(Scraped caption text data)
== Segment start ==

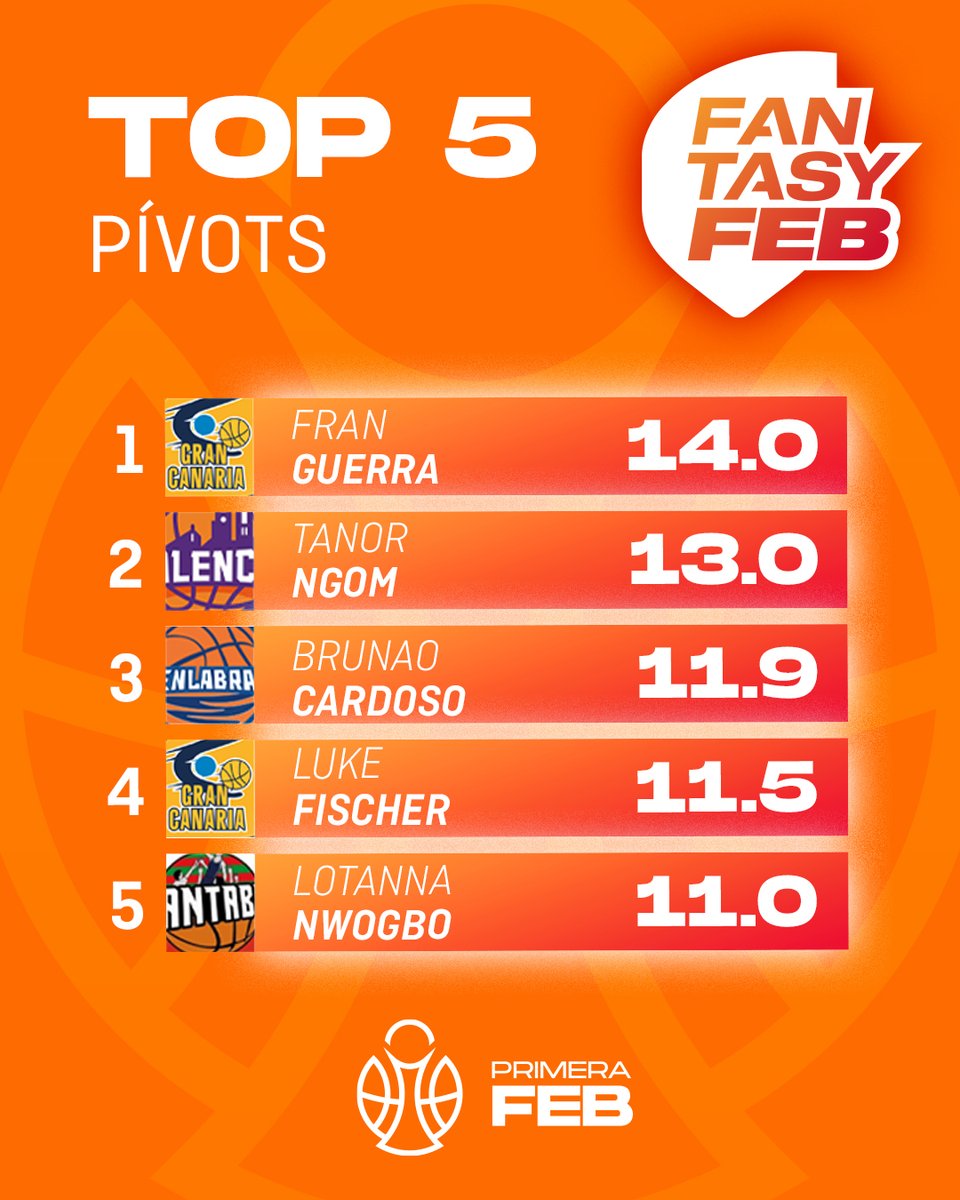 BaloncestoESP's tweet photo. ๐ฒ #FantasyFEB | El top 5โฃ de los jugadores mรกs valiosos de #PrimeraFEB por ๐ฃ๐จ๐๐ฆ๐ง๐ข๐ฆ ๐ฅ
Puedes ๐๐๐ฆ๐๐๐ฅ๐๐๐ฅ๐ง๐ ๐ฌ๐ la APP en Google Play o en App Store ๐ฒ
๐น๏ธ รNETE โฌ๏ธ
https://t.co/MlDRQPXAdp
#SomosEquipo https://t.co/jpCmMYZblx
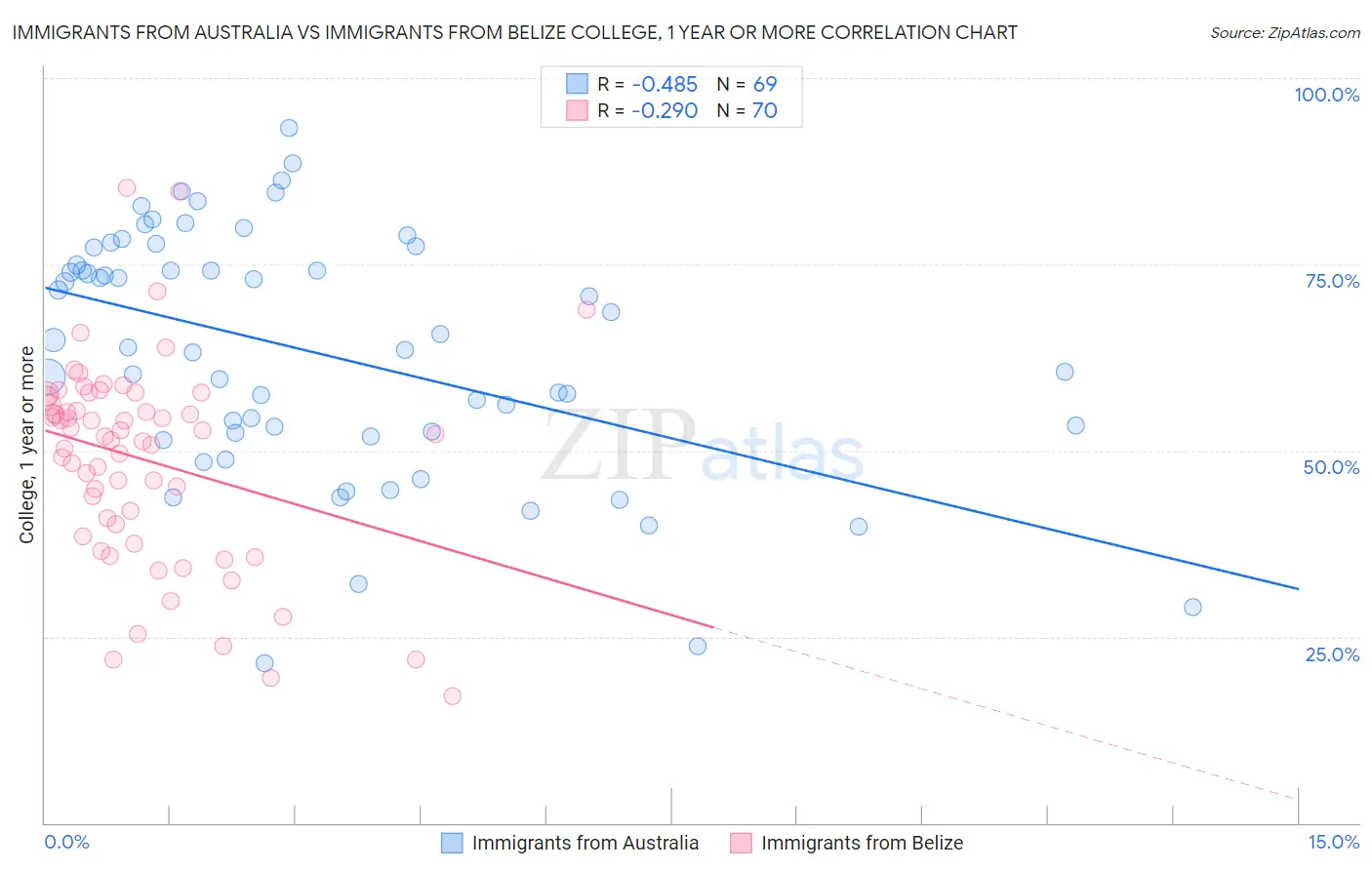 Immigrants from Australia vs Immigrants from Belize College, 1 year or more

== Segment end ==

## [About this task]
Once the pictures are set aside, transcribe the remaining lines above exactly.

## [Exercise answer]
 BaloncestoESP's tweet photo. ๐ฒ #FantasyFEB | El top 5โฃ de los jugadores mรกs valiosos de #PrimeraFEB por ๐ฃ๐จ๐๐ฆ๐ง๐ข๐ฆ ๐ฅ
Puedes ๐๐๐ฆ๐๐๐ฅ๐๐๐ฅ๐ง๐ ๐ฌ๐ la APP en Google Play o en App Store ๐ฒ
๐น๏ธ รNETE โฌ๏ธ
https://t.co/MlDRQPXAdp
#SomosEquipo https://t.co/jpCmMYZblx
 Immigrants from Australia vs Immigrants from Belize College, 1 year or more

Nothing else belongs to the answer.